Tree Watering Tips from a Tree Service in Waltham, MA

June 14, 2018

If the weather in your area is dry for any significant period of time, you need to take it upon yourself to water trees you’ve planted for landscaping purposes. The amount of water a tree needs depends on a variety of factors, including its age, its species, the time of year, the weather you’ve had and the soil type in which it’s planted. But as a general rule, new, young trees require more water than older, well-established trees.

Here are some general rules about tree irrigation to keep in mind, courtesy of a tree service in Waltham, MA.

Newly planted trees

For the first few months after you plant a tree, most of its roots will stay within that same original root ball, with a few starting to meander out. Both the root ball and the surrounding soil need to be kept moist to encourage those roots to grow. After a few months, you’ll want to expand the watering zone to cover the entire canopy area. It might take at least a couple growing seasons for your tree to establish itself, so in those early years you need to have supplemental waterings if you don’t have regular soaking rains. In particularly hot, dry weather, those trees might need to be watered three times a week to prevent the root ball from drying.

Established trees

An established tree’s roots will typically extend far beyond the canopy or drip line. Some anchor roots might reach deep down, but most will stay within the top foot to foot and a half of the soil. When you water an established tree, you should do so deeply, soaking the whole area beneath the canopy and past the drip line. Aim to moisten the soil to a depth of 10” with each watering. Make sure you don’t apply water directly around the trunk, or else you could develop rot problems.

Watering information

The best way to check the moisture of the soil is to take a long screwdriver and poke it down into the soil. It should easily pass through moist soil, but will be difficult to push into dry soil. If you have problems poking it down at least six inches, you need to water.

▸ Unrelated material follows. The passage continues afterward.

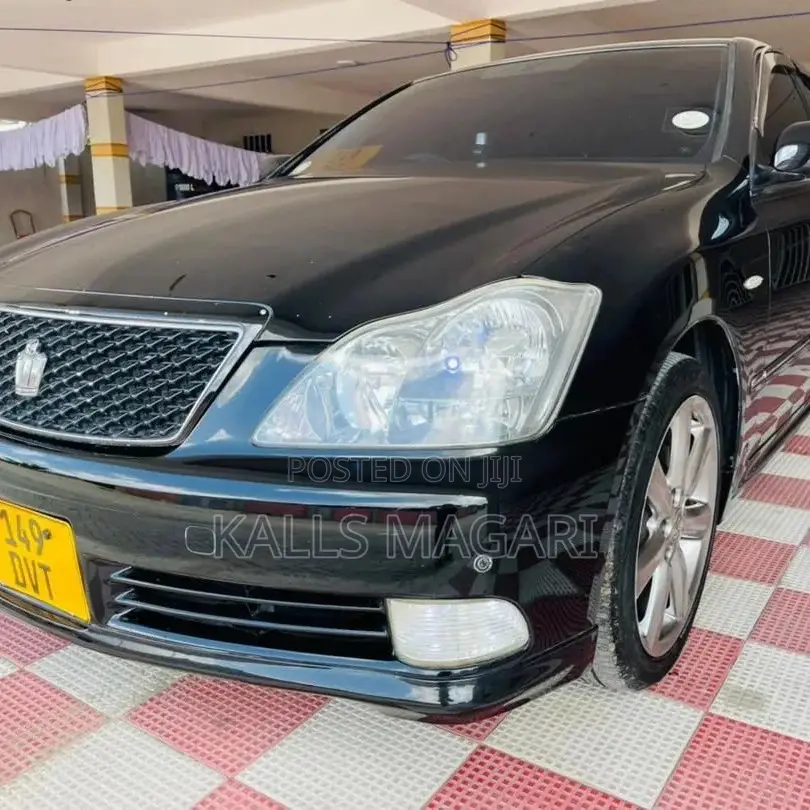 Toyota Crown 2005 Black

Overhead sprinklers are great for covering large areas, but they also are more prone to evaporation. Instead, you should use watering methods that apply water slowly a period of over several hours.

Soaker hoses are a great way to water trees because they release water slowly. Circle a tree with such a hose and let it run for at least an hour. Using the “bubbler” or “soaker” setting on a hose-end device is also a great way to reduce the velocity of the water to ensure that water soaks in rather than running off. You’ll need to move the bubbler around to make sure the whole area gets soaked.

Finally, avoid watering between 10 a.m. and 6 p.m. so you can conserve water.